*What the task asks*
Could you return the data that follows exactly, minus the images?

*Raw data*
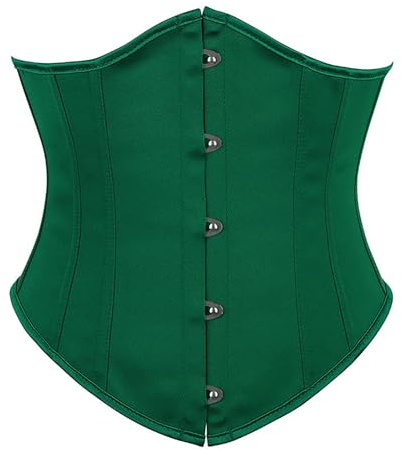Corsé Steampunk para Mujer Cinturón Firme de Formación de Cintura Bustier Gótico Fajas Reductoras Corset Bajo Pecho Mujer Satinado Corsés y Bustiers Clasico Talla Grande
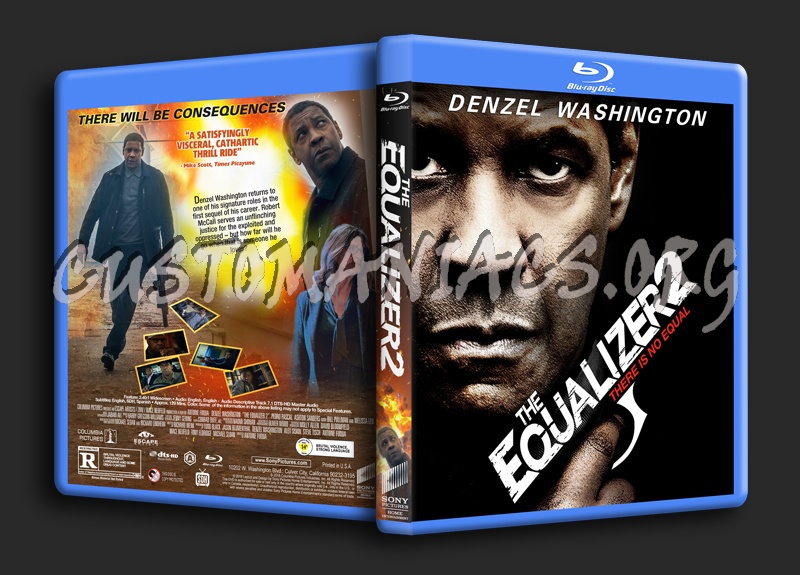 The Equalizer 2 dvd cover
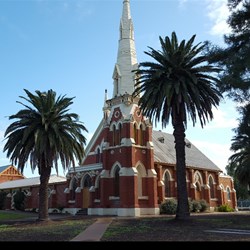 St Andrews church Mildura (Google Earth image)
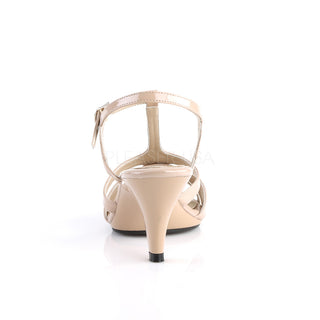 Sexy T-Strap Nude Sandals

*Answer for the task*
Corsé Steampunk para Mujer Cinturón Firme de Formación de Cintura Bustier Gótico Fajas Reductoras Corset Bajo Pecho Mujer Satinado Corsés y Bustiers Clasico Talla Grande
 The Equalizer 2 dvd cover
 St Andrews church Mildura (Google Earth image)
 Sexy T-Strap Nude Sandals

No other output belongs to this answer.